+++ GIVEN RECORDS +++

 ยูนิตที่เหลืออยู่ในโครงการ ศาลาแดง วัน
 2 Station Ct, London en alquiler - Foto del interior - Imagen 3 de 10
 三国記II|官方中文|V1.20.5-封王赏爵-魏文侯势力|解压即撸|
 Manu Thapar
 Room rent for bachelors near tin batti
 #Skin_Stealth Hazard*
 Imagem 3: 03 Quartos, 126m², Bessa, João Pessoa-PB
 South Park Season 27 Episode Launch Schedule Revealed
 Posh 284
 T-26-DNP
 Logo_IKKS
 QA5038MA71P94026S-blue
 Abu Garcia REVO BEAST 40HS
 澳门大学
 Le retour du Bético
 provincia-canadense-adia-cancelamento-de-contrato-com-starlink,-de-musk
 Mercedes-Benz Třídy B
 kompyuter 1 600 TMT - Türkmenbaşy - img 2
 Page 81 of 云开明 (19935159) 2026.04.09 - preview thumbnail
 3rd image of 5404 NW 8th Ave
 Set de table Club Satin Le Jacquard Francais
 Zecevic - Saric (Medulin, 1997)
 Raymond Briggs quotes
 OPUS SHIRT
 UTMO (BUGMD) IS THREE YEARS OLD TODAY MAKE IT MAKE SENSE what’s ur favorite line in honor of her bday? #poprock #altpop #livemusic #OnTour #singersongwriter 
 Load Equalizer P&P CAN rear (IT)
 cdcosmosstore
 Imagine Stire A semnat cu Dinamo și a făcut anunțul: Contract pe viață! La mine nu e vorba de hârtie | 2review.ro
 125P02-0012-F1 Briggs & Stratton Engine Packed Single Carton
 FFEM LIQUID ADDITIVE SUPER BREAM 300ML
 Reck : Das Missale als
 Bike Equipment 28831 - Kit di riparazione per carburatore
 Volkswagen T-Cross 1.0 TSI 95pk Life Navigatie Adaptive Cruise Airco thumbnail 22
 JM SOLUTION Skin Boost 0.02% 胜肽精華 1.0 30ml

+++

[TASK STATEMENT]
State, with no accompanying text, how many lines of the material contain the string "thumbnail".

[SOLUTION FOR THIS EXERCISE]
2